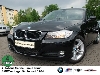 BMW 320d touring,Klimaautomatik,Sitzheizung,Regensensor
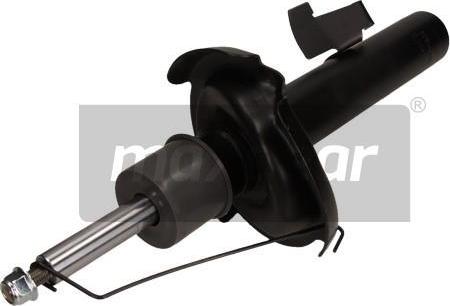 Maxgear 11-0682 - Amortizators www.autospares.lv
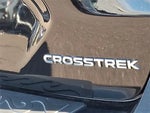 2024 Crosstrek Thumbnail 29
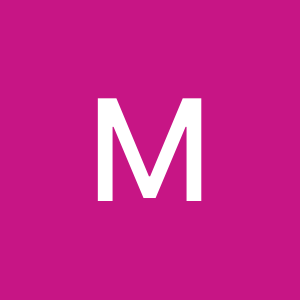 Profile photo of mik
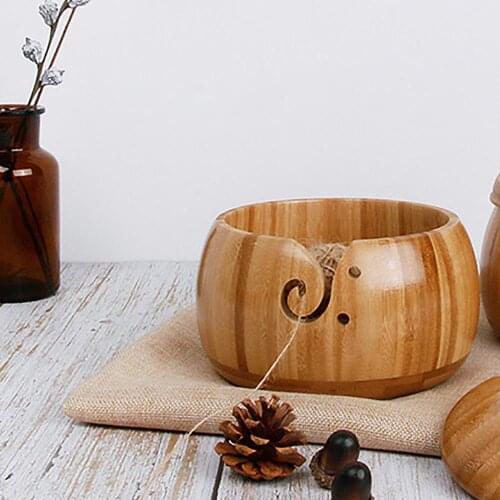 Шкатулки для рукоделия Houkiper China At AliExpress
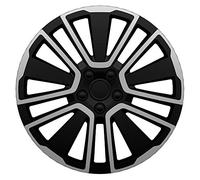 J-TEC J15570 Copricerchi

= Goal of the exercise =
Copy each entry exactly as written, and drop the pictures from the copy.

= Exercise response =
 BMW 320d touring,Klimaautomatik,Sitzheizung,Regensensor
 Maxgear 11-0682 - Amortizators www.autospares.lv
 2024 Crosstrek Thumbnail 29
 Profile photo of mik
 Шкатулки для рукоделия Houkiper China At AliExpress
 J-TEC J15570 Copricerchi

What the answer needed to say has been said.